Testing for mycotoxins
In high concentrations, mycotoxins cause the musty odor associated with mold contamination. Chemicals specific to molds such as aflatoxins, ochratoxins, and trichothecenes can be measured in dust, building materials, or in the air of buildings. To provide a sufficient amount for analysis, this testing requires a gram or more of the affected building material or at least one cubic meter of air obtained after several hours of air sampling.
Indoor areas can also be analyzed for volatile organic chemicals which is another category of chemicals emitted by molds. Positive levels of benzene, hexane, acetone, and other organic chemicals can further document the presence of mold. These samples are then sent to a commercial laboratory that can measure the mycotoxin content.

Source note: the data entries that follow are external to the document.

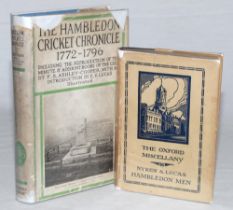 ‘The Hambledon Men being a new edition of John Nyren’s “Young Cricketer’s Tutor”...’, E.V. Lucas,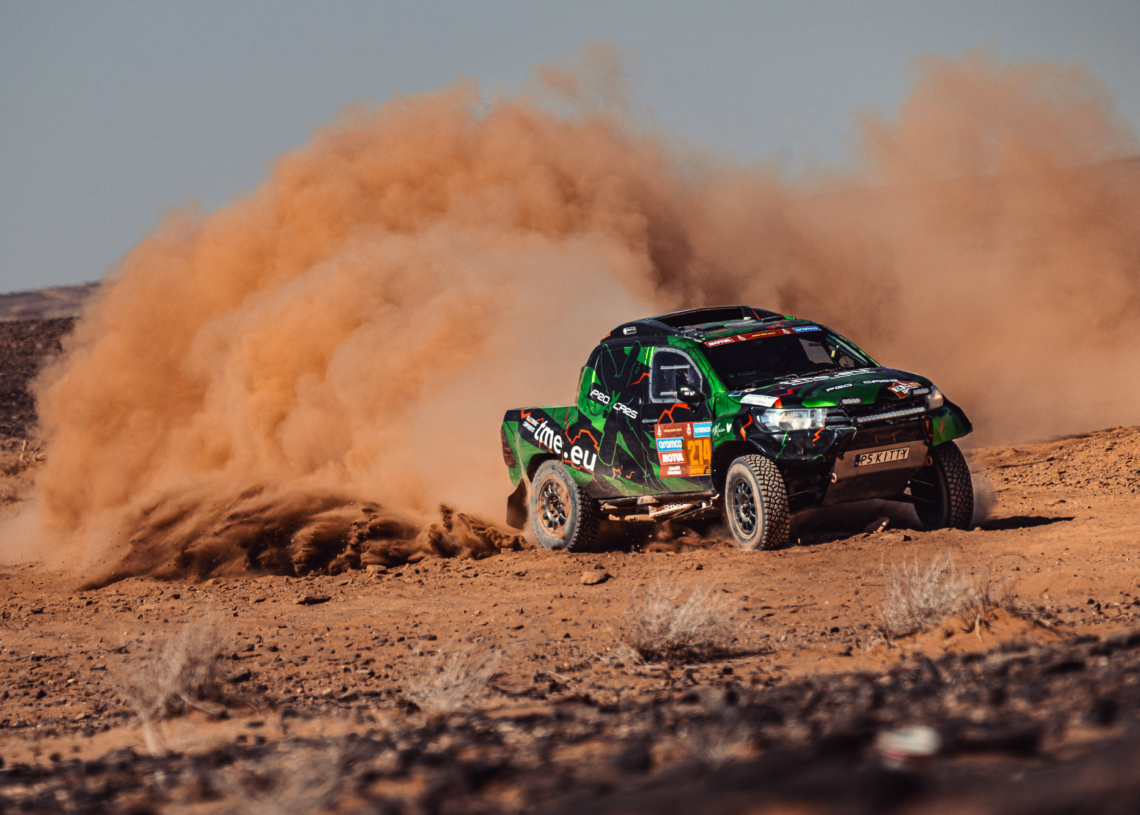 Rajd Dakar 2024. Magdalena Zając na mecie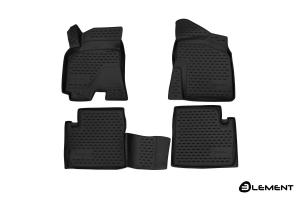 Коврик салона CHERY Tiggo 3 (17-) 3D полиуретан черный (4 предм.) ELEMENT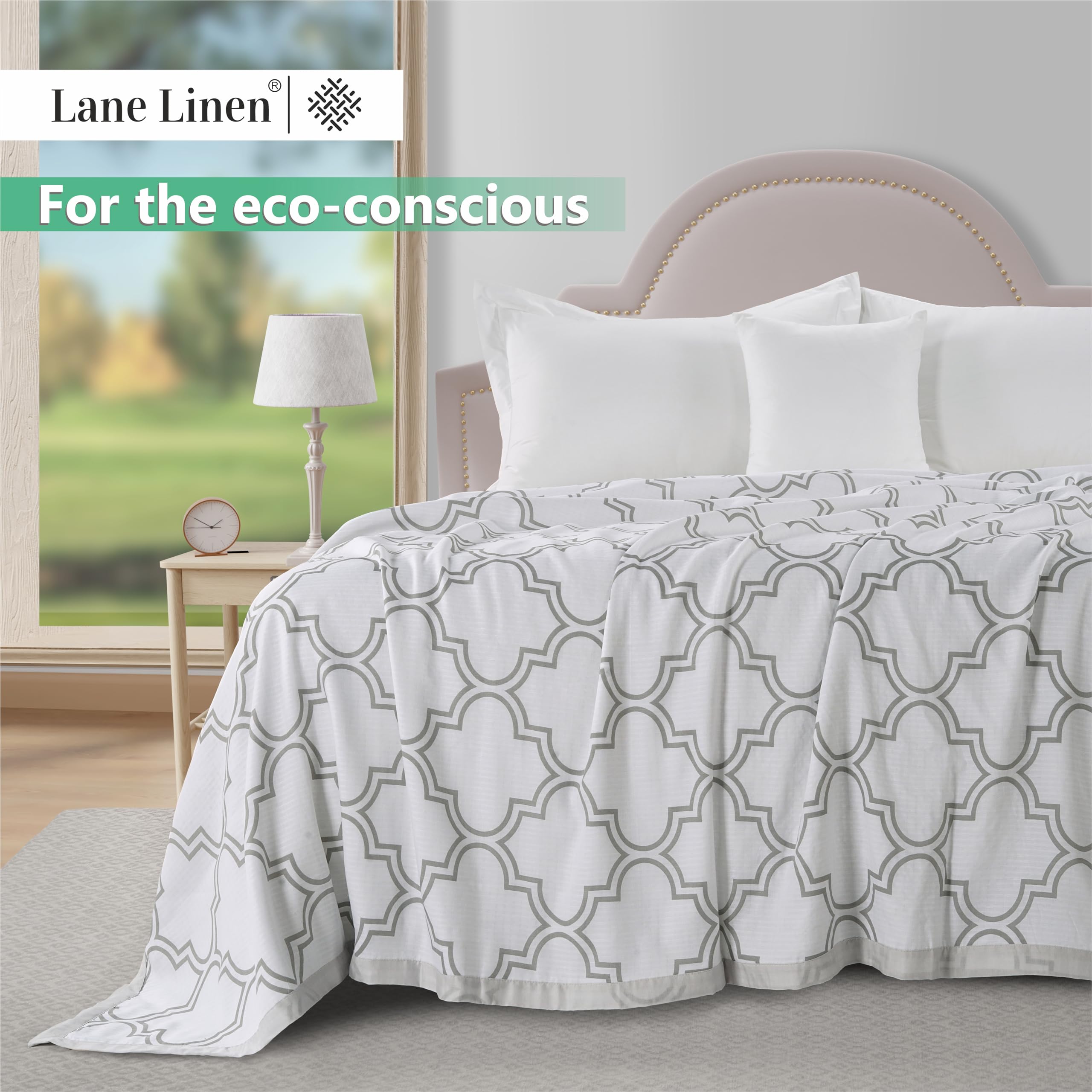 Foto 2 | Manta Lane Linen Cooling Queen Size De Rayón Y Eucalipto - Venta Internacional.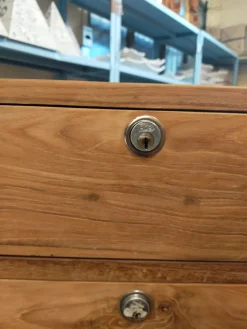 Madia in stile design Credenza alta vintage teak di in Offerta Outlet^Outlet Etnico Clearance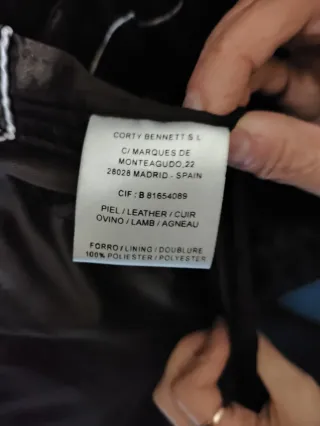 Chaqueta de cuero LB Talla M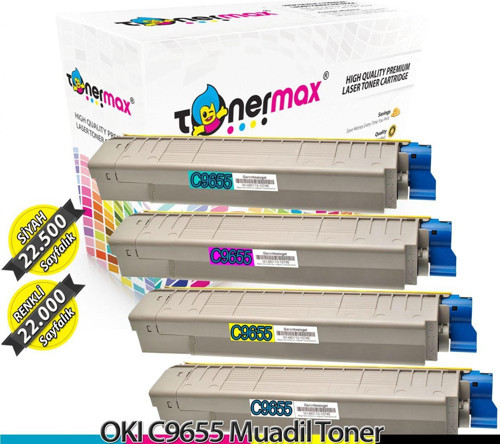 OKI C9655 Muadil Toner Set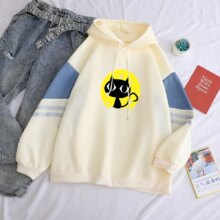 Black Cat Printing Casual Harajuku Hoodies Black Cat Printing Casual Harajuku Hoodies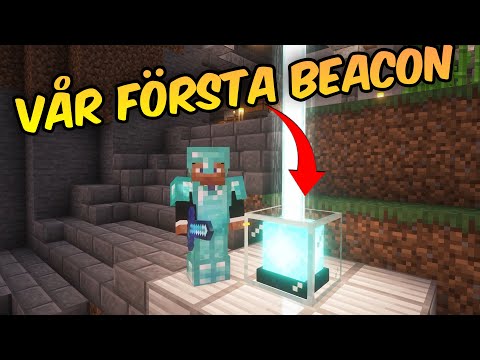 FIXAR VÅR FÖRSTA BEACON I MINECRAFT - BEDROCK SMP - SÄSONG 2 | #12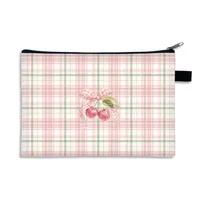 Cute Basic Plaid Fruit Polyester main image 2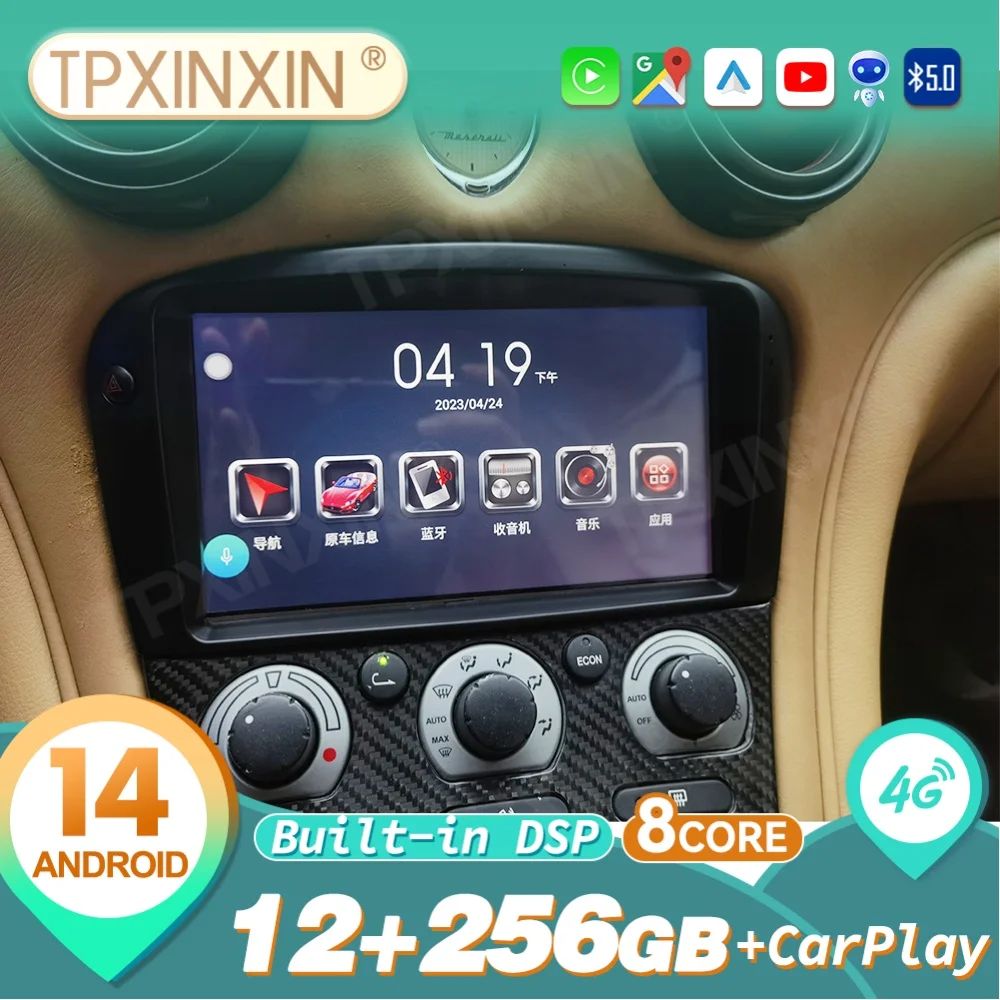 

Для Maserati Coupe 3200 GT 4200 GT 2004 ~ 2007 Android Auto Carplay автомобильный радиоприемник автомобильный мультимедийный плеер GPS Navi головное устройство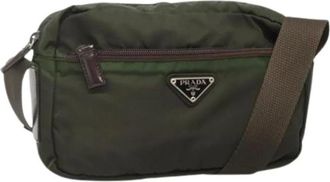 Prada Pre-owned Cross Body Bags, female, Green, Size: ONE SIZE Pre-owned Nylon prada-bags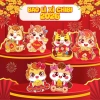 Combo 50 Bao Lì Xì Tết 2.026 Chibi Dễ Thương Phản Quang Đầy Đủ Mẫu Giá 16.000₫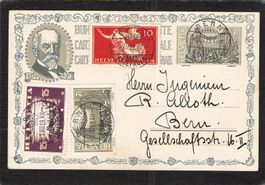 FDC Friedensmarkensatz + Bundesfeierkarte ,1.Vlll.1919, RAR
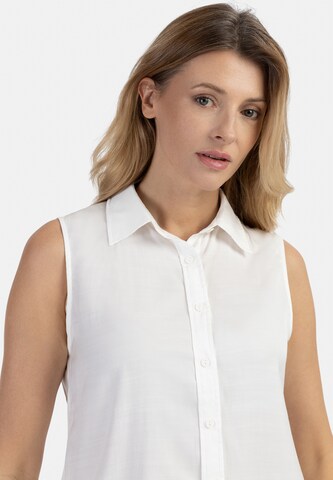 Camicia da donna di usha WHITE LABEL in bianco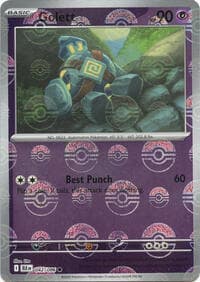Golett (Poke Ball Pattern) - SV: Black Bolt - Pokemon card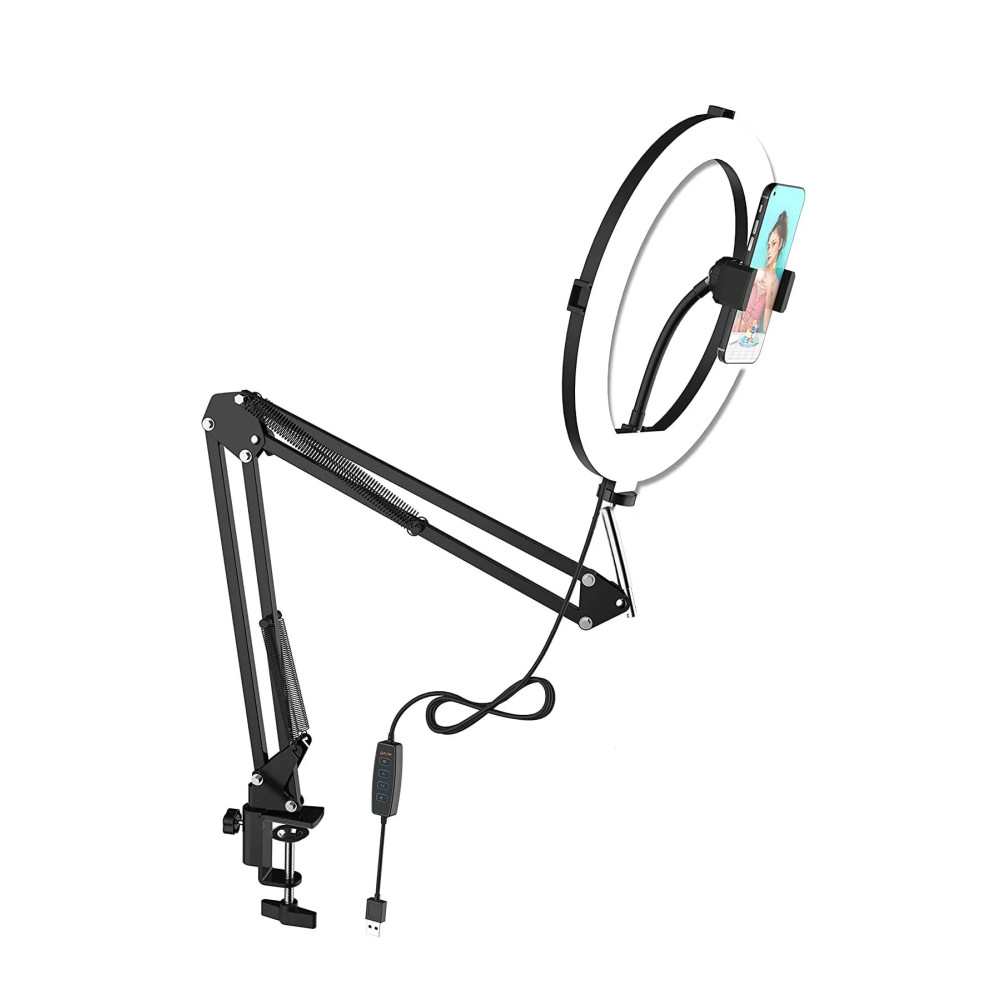 Wlue Metal Flexible Masaüstü Sıkıştırmalı Youtuber Ring Light Led Selfie Çalışma Işığı 10 Inç Halka Fotoğraf Makinesi Aksesuarları Fiyatı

Testing for mycotoxins both before and after remediation can document the effectiveness of the remediation. If positive levels of mold toxins exist after an attempt at remediation, further remediation is necessary to bring the mycotoxin levels down to zero.
Several companies can detect mold DNA (the genetic material) in dust or air samples. Dust DNA samples can be analyzed for the presence of approximately 100 types of common indoor molds. An ERMI score (Environmental Relative Moldiness Index) has been developed by comparing the concentrations of common indoor molds to the concentrations of common outdoor molds. The ERMI scale has a range of -10 to +20. A level above +5 is considered high. Several scientific studies have found that homes with an ERMI score of + 10 or above are associated with significantly higher levels of asthma.
Dogs trained to sniff mold have been employed by a number of investigators. I, myself, once used a mold-sniffing dog to find heavy mold growth in a hard-to-reach ventilation duct.
Bacteria can grow in conditions similar to mold and can be collected on airborne viable samples or on surfaces, grown in culture, and measured in laboratories. Special testing is available for specific bacteria which cause infection such as Legionella.
A Certified Industrial Hygenist trained to evaluate buildings for mold contamination can be invaluable to helping you determine whether your home, school, workplace, or automobile has a mold problem.